Schwäbische Zeitung: Boten Sie als einziger Parteilinker einfach die beste Angriffsfläche?

Verkehrsminister Hermann: Da spielten auch viele Klischees eine Rolle. Ich bin vor fünf Jahren aus Berlin hierher gekommen mit dem Vorsatz: Ich will etwas bewegen. Wer das tut, eckt unweigerlich an. Die Grünen haben lange Zeit den Straßenbau und das Auto grundsätzlich kritisiert. In einem Land, in dem 70 bis 80 Prozent des Verkehrs über die Straße läuft, kann man aber nicht nur über ÖPNV und Fahrräder reden. Inzwischen geht es um mehr: Mobilität muss insgesamt umwelt- und klimaverträglicher als bisher organisiert werden, auch der Straßenverkehr. Es geht nicht darum, dass alle Rad fahren, sondern um die stärkere Nutzung von Verkehrsmitteln, die Klima, Umwelt und Ressourcen schonen. Dabei spielt auch die Nutzung moderner Technologie – Stichwort Digitalisierung – eine große Rolle. Es geht auch um einen zukunftsfähigen Individualverkehr und um ein anderes Verhältnis zum Auto. Um ein Auto zu fahren, muss man es nicht unbedingt besitzen.

Schwäbische Zeitung: Sie kennen zudem die Bedeutung der Autoindustrie fürs Land…

Verkehrsminister Hermann: Die Autobranche hat wie keine zweite Zugang zur Politik – nicht nur die Manager, auch die Betriebsräte schlagen sofort Alarm, wenn sie sich durch die Politik bedroht fühlen. Die Branche hat einen innovativen Kern, aber es gibt auch Vorstände, die nur auf die Rendite schauen. Mit den vielen innovativen Playern der Branche arbeite ich gerne zusammen, sitze ihnen aber nicht auf dem Schoß, Politik hat ein übergeordnetes Interesse. Ignorieren darf man die Autobranche und ihre Anliegen allerdings nicht.

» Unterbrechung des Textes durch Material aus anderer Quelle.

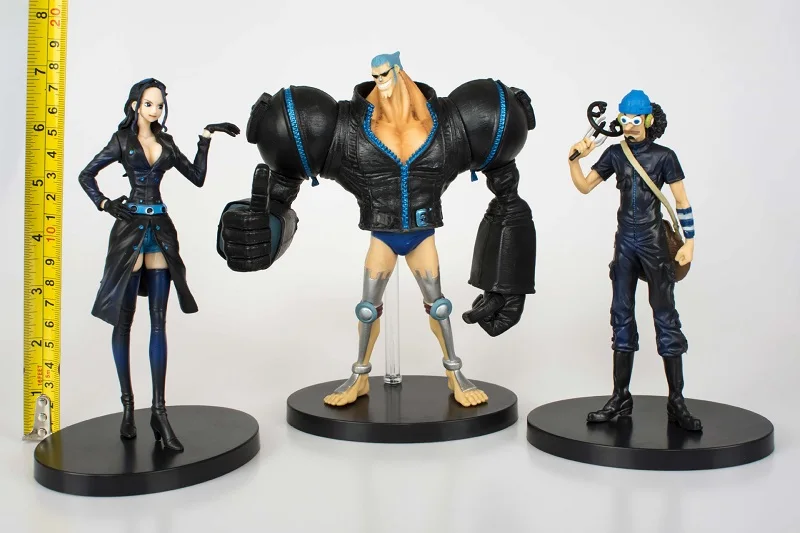 3 шт. цельный Набор фигурок аниме FRANKY usopp Нико Робин фигура золотой город черная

Das wäre nicht links, das wäre dumm.

Schwäbische Zeitung: Wie schwierig waren die Koalitionsverhandlungen zum Verkehr?

Verkehrsminister Hermann: Die Verhandlungen haben mich zu Beginn viel Contenance und Empathie gekostet, aber je länger wir verhandelt haben, desto gelöster wurde die Atmosphäre. Ich dachte, wir könnten von Anfang an den Wahlkampfmodus überwinden. Das ging erst im Laufe der Verhandlungen.

Schwäbische Zeitung: Warum waren die Verhandlungen so zäh?

Verkehrsminister Hermann: Es gab einige inhaltliche Differenzen, viele Konflikte resultierten auch aus Klischees. Die CDU wollte nicht einfach Grün-Rot fortgesetzt sehen. Dabei haben wir uns auf gute Ziele verständigt, nur die Wortwahl war oft schwierig. So wurde etwa aus der „Pionierregion nachhaltiger Mobilität“ des grün-roten Koalitionsvertrags nun die Bezeichnung „Wegbereiter nachhaltiger Mobilität“. Ein Schlüsselprojekt war für uns, im Stundentakt überall im Land mit öffentlichen Verkehrsmitteln hinzukommen, von 5 bis 24 Uhr – die sogenannte Mobilitätsgarantie. Nun orientieren wir uns an einem „Leitbild eines verlässlichen Mobilitätsangebots“ von „früh morgens bis spät abends“. Die CDU wollte dabei auch die Kommunen nicht übergehen.

Schwäbische Zeitung: Haben Sie bereits Details beschlossen, die nicht im Koalitionsvertrag zu lesen sind?

Verkehrsminister Hermann: Im Bereich Verkehr gibt es einige eher technische Nebenabsprachen. Das sind aber keine ganz neuen Dinge, es geht um Einzelheiten. Im Koalitionsvertrag steht etwa, dass wir Schülertickets fördern wollen. Die Erläuterung dazu ist nur, dass wir dafür kein zusätzliches Personal einstellen oder ein Programm auflegen wollen. Die obersten Verhandler hatten gesagt: Es kommen keine solchen Details in den Koalitionsvertrag.

Schwäbische Zeitung: Können Sie mit den Ergebnissen leben?

Verkehrsminister Hermann: Die Kompromisse sind nicht schlechter als vor fünf Jahren. Der Schwerpunkt beim Straßenbau bleibt auf Erhaltung und Sanierung. Ich bin zufrieden mit dem Text. Das hätte ich so nicht erwartet.

Schwäbische Zeitung: Wird das grün-schwarze Projekt fünf Jahre gut gehen?

Verkehrsminister Hermann: Ich bin überzeugt, dass diese Koalition nicht nur das Land, sondern auch die Mobilität modernisieren wird. Unser gemeinsames Ziel ist es, Baden-Württemberg vom Autoland zum zukunftsfähigen Mobilitätsland zu entwickeln.